= EXERCISE BRIEF =
Since only the words are wanted, reproduce every entry exactly and leave the images behind.
DATASET EXTRACT: Begin
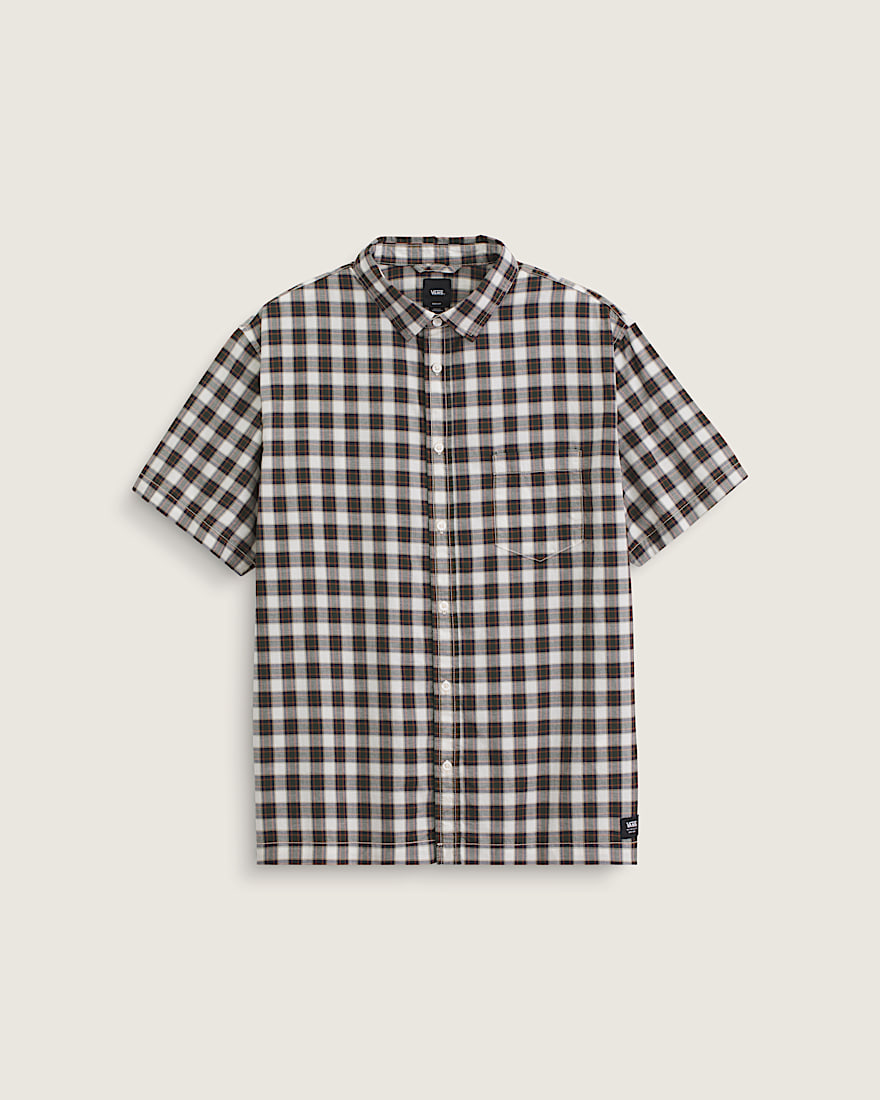 Monte Plaid Button Up Shirt VANS Egret White ALT1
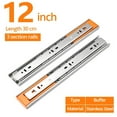 thumbnail image 2 of 10" - 22" Stainless Steel Drawer Slides Soft Close Drawer Track Rail Sliding Three-Section Cabinet Slides Furniture Hardware, 2 of 6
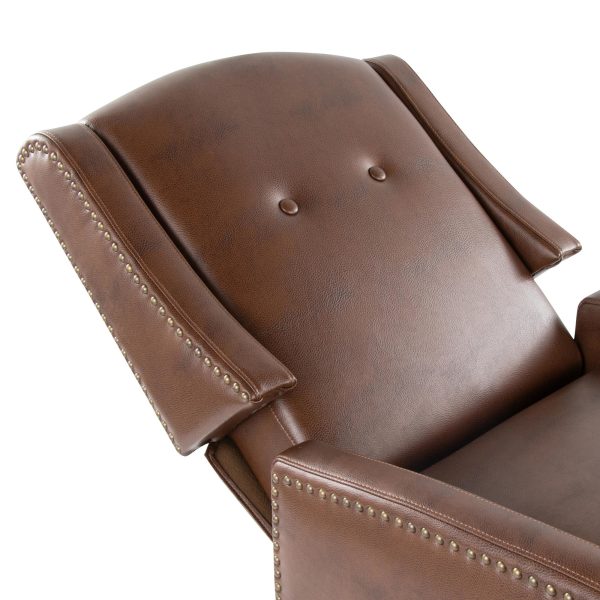 Stanley Brown Faux Leather Transitional Manual Recliner Black Wood 15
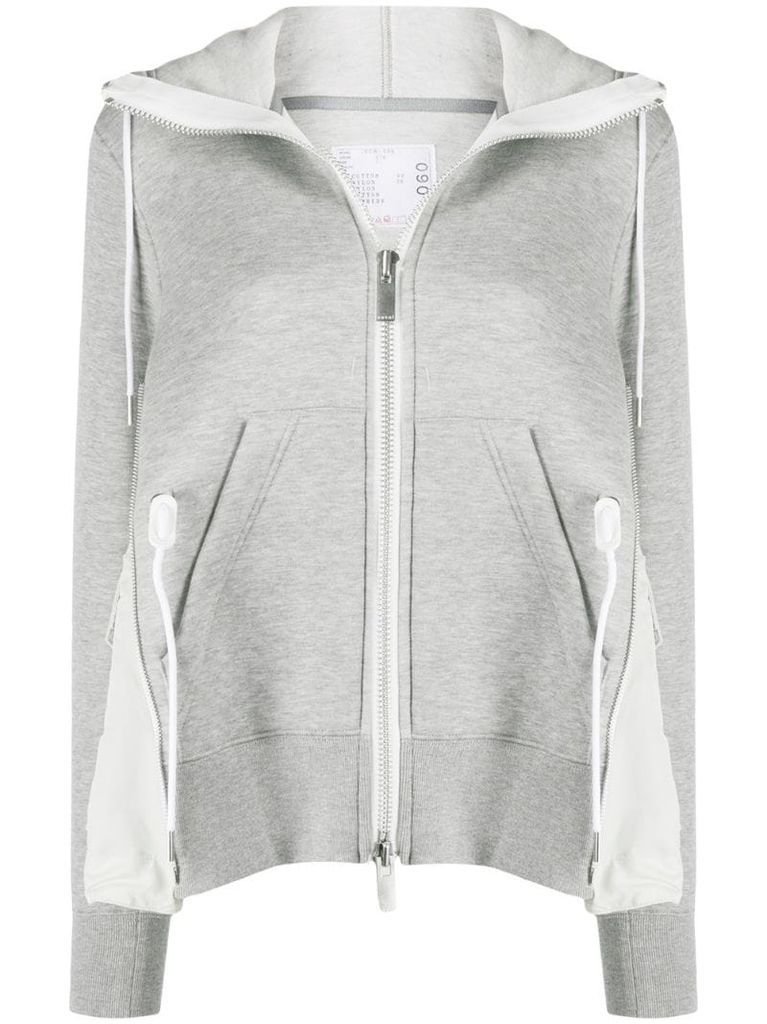 gusset-detail zipped hoodie
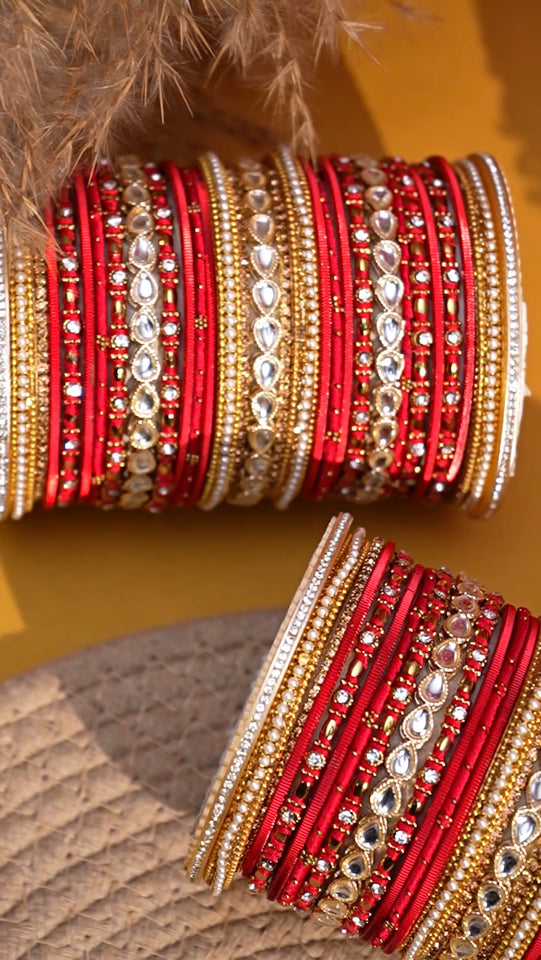 Bridal Bangle Set with Kundan Kangan by Leshya (Karva)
DATASET EXTRACT: End
= RESULT =
 Monte Plaid Button Up Shirt VANS Egret White ALT1
 thumbnail image 2 of 10" - 22" Stainless Steel Drawer Slides Soft Close Drawer Track Rail Sliding Three-Section Cabinet Slides Furniture Hardware, 2 of 6
 Stanley Brown Faux Leather Transitional Manual Recliner Black Wood 15
 gusset-detail zipped hoodie
 Bridal Bangle Set with Kundan Kangan by Leshya (Karva)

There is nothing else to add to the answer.